In 2008, Barack Obama made his last campaign stop in North Carolina, rightly judging that a strong college student turnout would put him over the top in that state. He stopped at the University of North Carolina/Charlotte, where 25,000 people attended his speech. Obama won North Carolina that year by 14,000 votes in an election in which the youth turned out in much heavier numbers than they did in previous elections. It also gave North Carolina a Democratic governor.
However, the North Carolina GOP took back over in 2012. Now, they are proposing a bill that would curb college students from voting. In 1979, the courts ruled that students had the right to register to vote at their college campus. However, lawmakers are working around it by assessing a tax penalty for parents whose students register to vote at the college campus. This is sponsored by five GOP senators, including one from the leadership. This is a move that Rachel Maddow calls, "Amazeballs."

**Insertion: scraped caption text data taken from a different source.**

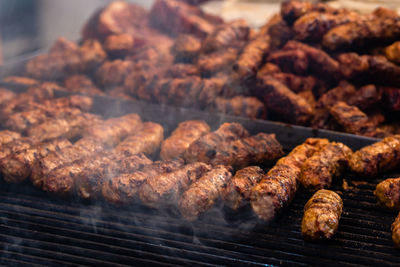 Close-up of meat on barbecue grill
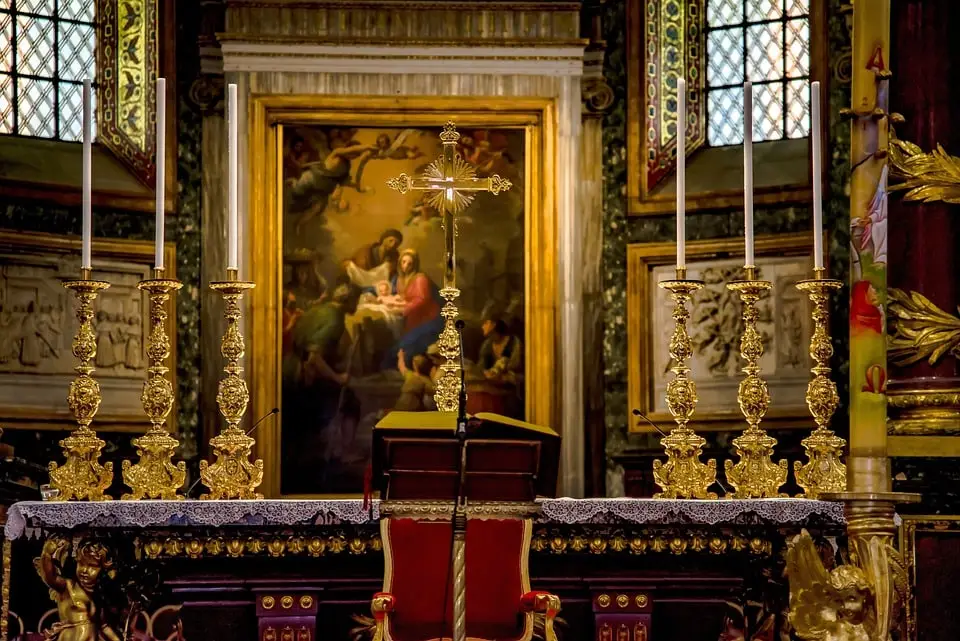 Altare barocco con candele e croce in chiesa.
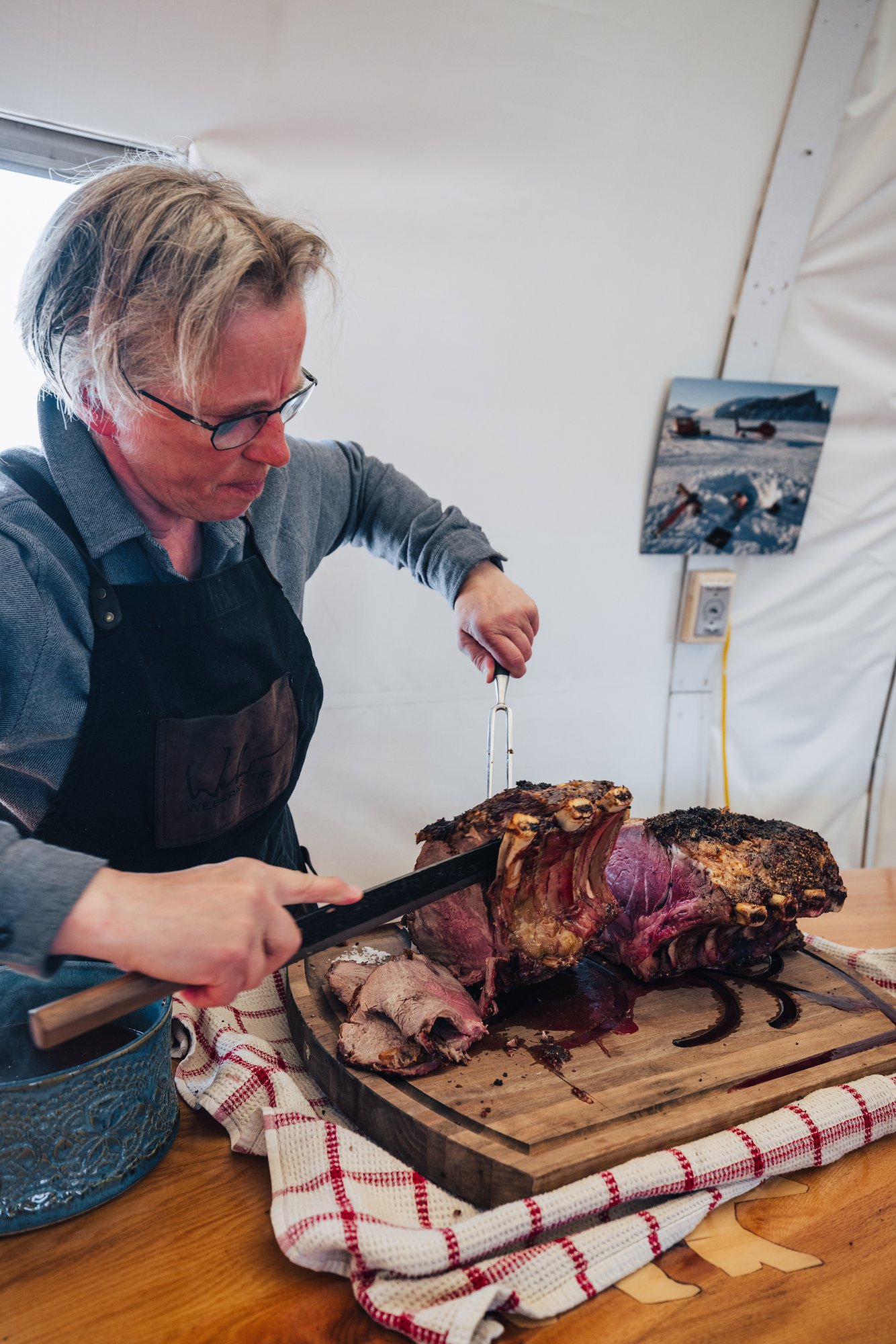 The chef carving a roast on a wooden board at dinner
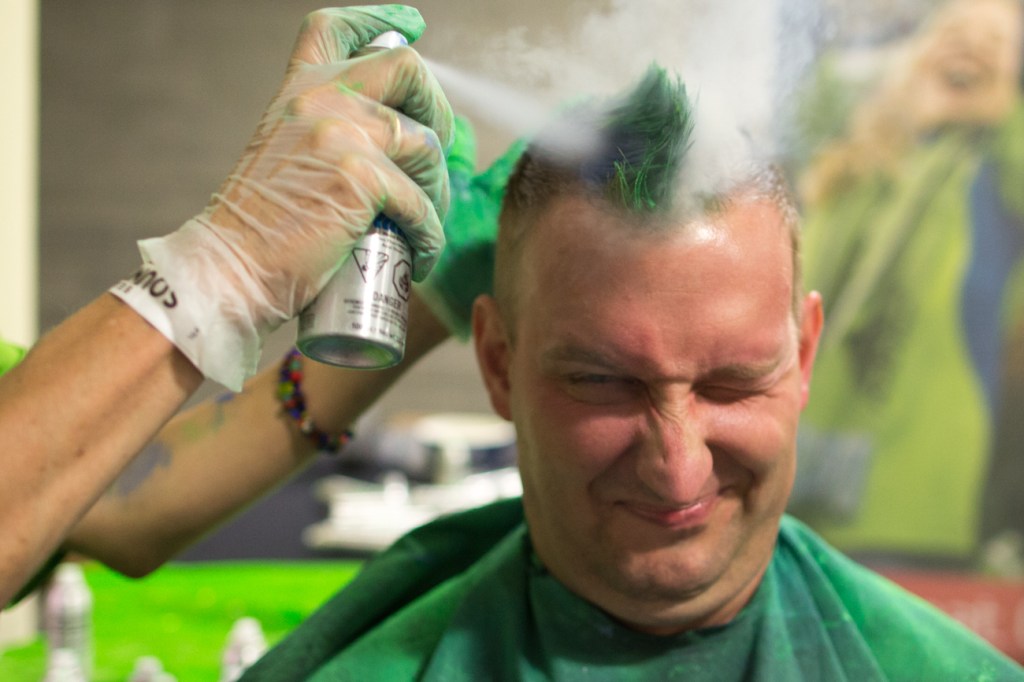 Didn't come to the game with your hair in team colors? Fear not, there were folks who could take care of that for you.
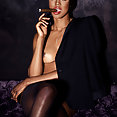 Playboy Playmate Eugena Washington smoking cigar - image 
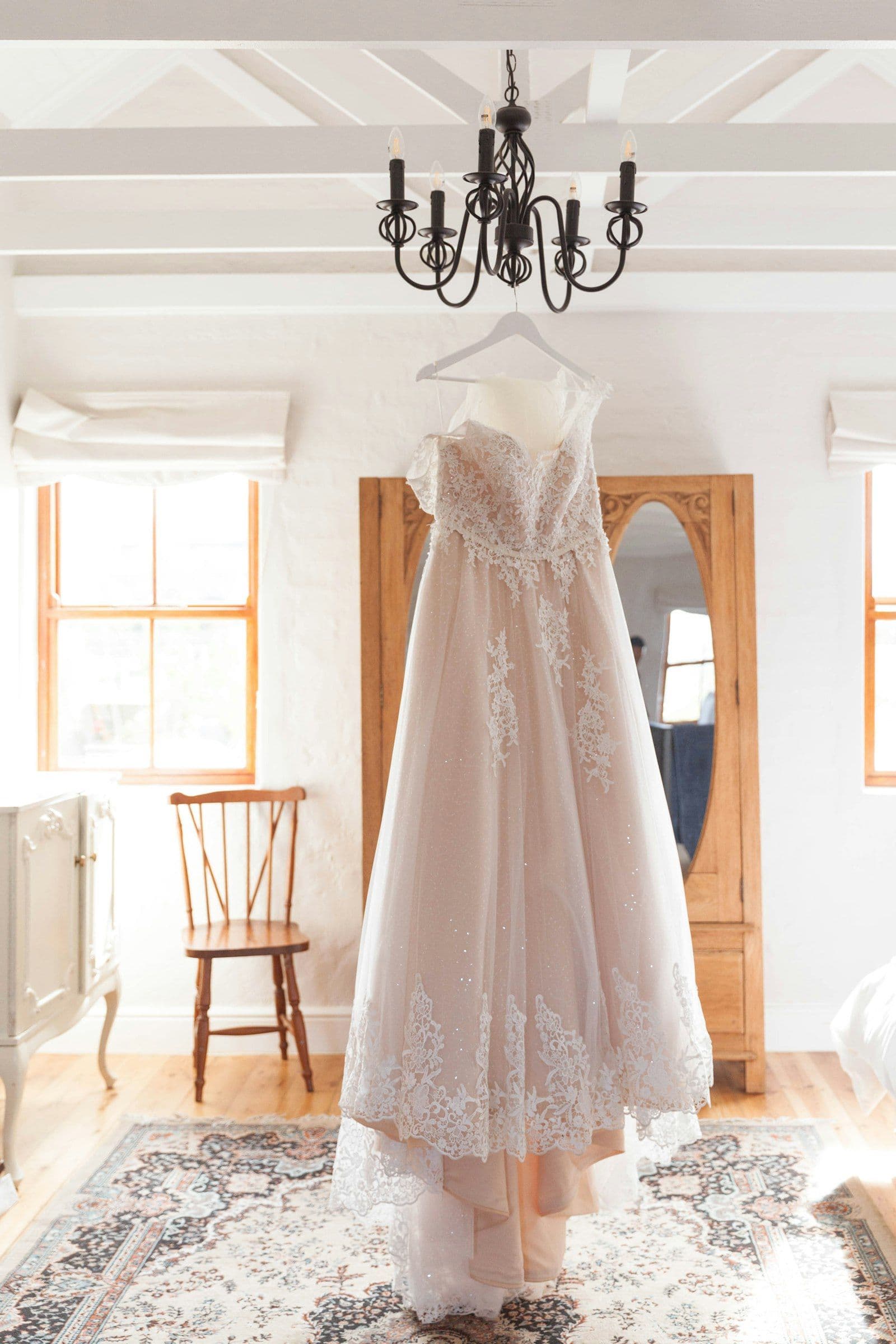 The gown waiting on its hanger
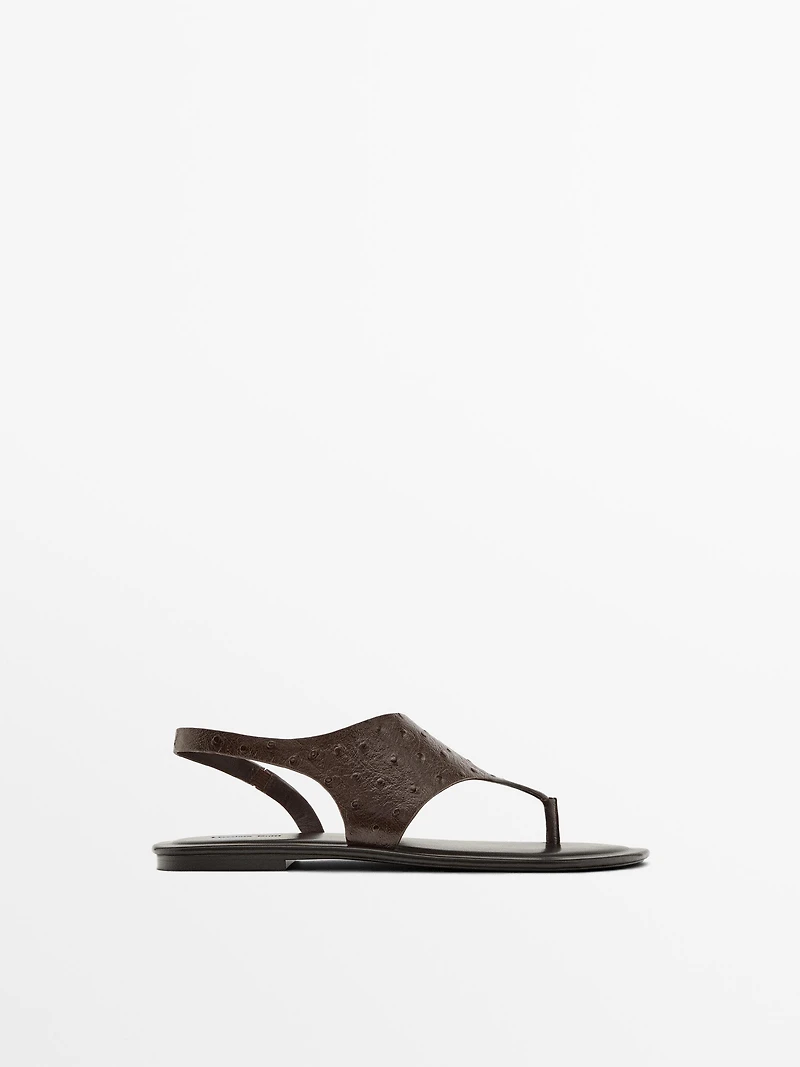 Embossed animal print sandals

Not only would they do away with college students voting, they would limit early voting to one location per county and stop same-day registrations, both of which are used much more by Democrats than Republicans. Maddow notes that this was also tried in Indiana, but that it failed after a public outcry.
First of all, there is the obvious Constitutional problem of the 24th Amendment:
The right of citizens of the United States to vote in any primary or
other election for President or Vice President, for electors for
President or Vice President, or for Senator or Representative in
Congress, shall not be denied or abridged by the United States or any
state by reason of failure to pay any poll tax or other tax.
And secondly of all, there is the obvious question of what would happen if out of state parents whose children went to North Carolina were to register to vote there. Would someone in Missouri, say, have to pay taxes to North Carolina if their child were to register to vote there? And what would happen if a child doesn't have parents?
I guess that we have finally found a tax that certain Republicans like.